Freedom to Travel

The View From The East

By DAOUD KUTTAB

((October 1) - Hello, this is Mr. Olmert," said the voice on the other end of the telephone.

The Israeli mayor of Jerusalem was calling my colleague, Ayman Bardawil, to inquire about the difficulty he was having getting a pass to the airport.

Ayman, the director of Al Quds Educational Television, was invited to a conference in Barcelona that dealt with Euro-Mediterranean cultural cooperation. Aliza, the wife of the right-wing Israeli mayor, who was invited to the same conference, had been approached to intervene on Ayman's behalf to ensure his safe passage to the conference.

Ayman, an architect by education and now an animator and television administrator, was rather surprised by the call from the high-profile politician. A day earlier he had gone to the Israeli Liaison office outside Ramallah with his airplane ticket, his regular pass to enter Israel and conference invitation in order to get the additional permit to allow him to pass through the airport passport control.

This was not his first time traveling. But this time the Israelis refused to grant the airport pass, saying that by the time he is scheduled to be in the airport a hermetic closure order will be in effect.

An Israeli official whom Ayman had called earlier could not help, saying that the decision was made by the security people and he couldn't help. In other words, his entry to an Israeli airport at such a time would be a grave danger to the security of the state of Israel and therefore the routine airport pass was denied.

Ayman stressed that he had reserved a seat and bought a ticket, but the Israeli security person said he was helpless.

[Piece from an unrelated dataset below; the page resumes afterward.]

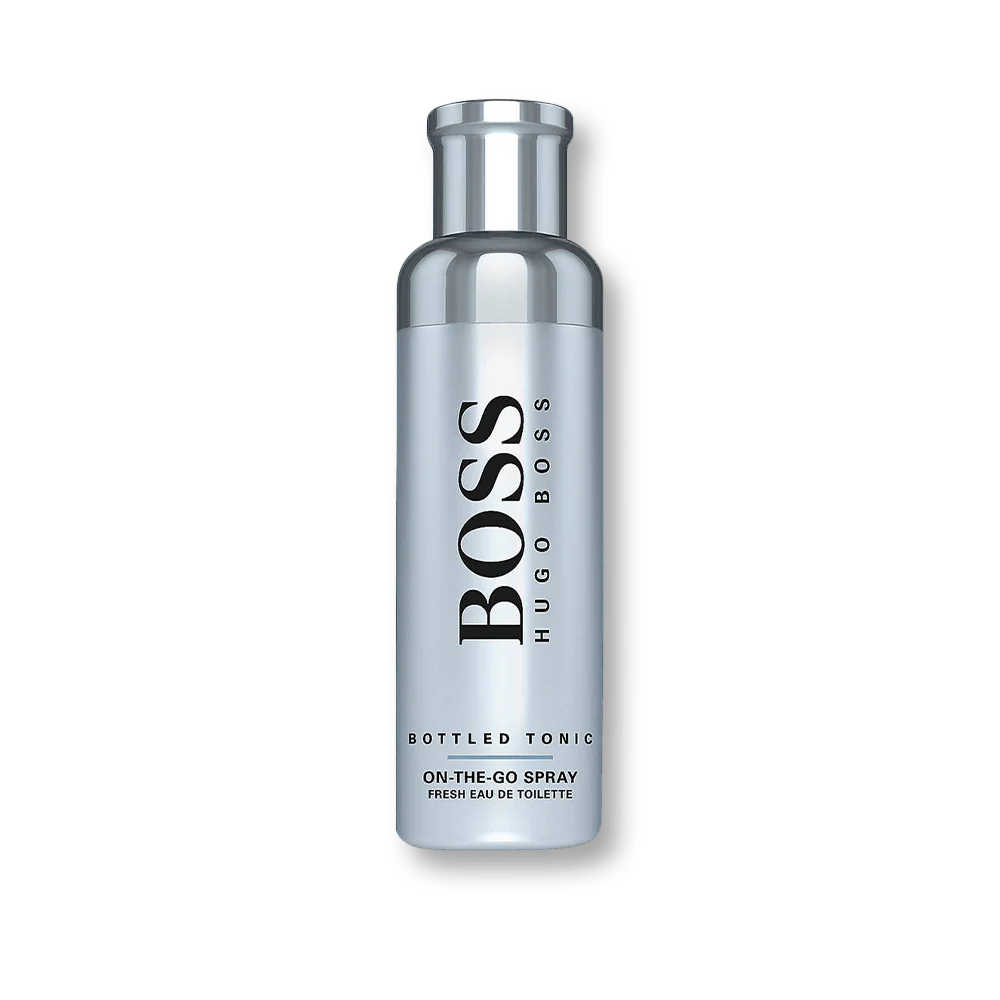 Hugo Boss Boss Bottled Tonic On-The-Go Spray EDT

The Israeli mayor, who had received a call from his embarrassed wife in Barcelona, was quickly able to make mountains move.

Shortly after the courtesy call from Ehud Olmert, another official called Ayman to get his details. Moments later another Israeli voice was on the phone politely assuring Ayman that his permit will soon be ready.

Sure enough, 20 minutes after the intervention of the Israeli official, his travel was no longer a security threat, the computers suddenly were working, vacationed staff suddenly reappeared and were able to type and approve the needed permit.

After receiving his permit, as he was packing his bags, Ayman received one more call from Ehud Olmert. "Is everything okay? Do you need help getting to the airport?" he was asked.

A taxi from Jerusalem was waiting and Ayman didn't need any more Israeli help. "Be sure to give my regards to Aliza," the Israeli mayor told his newfound Palestinian friend.

In Barcelona, the conference was upbeat. An Israeli television producer talked about dialogue. Addressing the Palestinians on the panel she called for cooperation and exchange of visits.

Ayman couldn't control himself. He had been feeling guilty about having this privilege to travel while the rest of Palestinians were under lock and key in a big prison.

He asked to speak and chided the Israeli speaker for being so oblivious to the situation in Palestine. He explained how he was able to come to the conference.

"How many Palestinians can count on the wife of an Israeli official to obtain their freedom to travel?" he asked. "Right now more than 2 million Palestinians are unable to travel from the West Bank to Gaza. They can't use the airport and entry to Jerusalem or Israel is strictly forbidden. If you are sincere about your call for dialogue, your effort should be focused on ensuring the freedom of movement for all Palestinians," he told the Israeli panelist.

As Yasser Arafat, Binyamin Netanyahu and Bill Clinton continued to talk about the stalled peace process, the day-today problems of Palestinians seemed as far from the discussion as Washington is from the region.

Whenever Ayman is invited to a conference that requires travel he gets agitated over expected problems, and I am always encouraging him to travel, because I know how badly he needs some fresh air.

After telling me his story, he asked me a simple question: "When will I be able to travel without permits, passes or the intervention of high powered politicians."